Sammelklage wegen WTC-Terroranschlägen

WASHINGTON. Die Familien von sieben der 2.800 Todesopfer des Terrorangriffs auf das New Yorker World Trade Center verlangen in einer Sammelklage über 100 Millionen Dollar Schmerzensgeld. Wie ihre Anwälte letzte Woche in Washington mitteilten, richtet sich der Antrag nicht nur gegen Osama bin Laden, sondern auch gegen Banken und Firmen, die den Terrorismus finanzieren, sowie gegen die Regierungen von Iran und Irak. Das Schmerzensgeld soll aus beschlagnahmten Vermögenswerten der insgesamt 141 Beklagten in den USA aufgebracht werden. Gleichzeitig haben die Familien der beiden Briten und des Australiers unter den Guantánamo-Häftlingen eine Klage eingereicht, um eine Behandlung der Männer nach US-Recht zu erreichen. Die Anwälte verweisen auf den US-Bürger John Walker Lindh, der in den USA seinen Prozeß erhalten wird.

 

Sowjet-Generäle üben scharfe Kritik an Putin

MOSKAU. Eine Gruppe pensionierter Sowjet-Generäle hat Präsident Wladimir Putin scharf kritisiert. In einem offenen Brief warfen sie ihm „Betrug am Volk und an dessen Interessen“ vor.
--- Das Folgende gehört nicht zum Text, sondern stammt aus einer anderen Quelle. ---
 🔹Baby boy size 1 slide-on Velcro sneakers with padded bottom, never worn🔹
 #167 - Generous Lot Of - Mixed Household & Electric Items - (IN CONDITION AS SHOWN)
Es sei heute offensichtlich, daß der russische Präsident nicht hinter dem Volk stehe, sondern hinter denen, die es bestohlen hätten und auch weiter bestehlen würden, hieß es in dem Schreiben, das vor dem Feiertag der „Verteidiger des Vaterlandes“ in der KP-Zeitung Sowjetskaja Rossija veröffentlicht wurde. Die Politik des letzten Jahrzehnts sei in ihren „tragischen Folgen für Rußland nicht einmal mit der faschistischen Aggression im Vaterländischen Krieg vergleichbar“.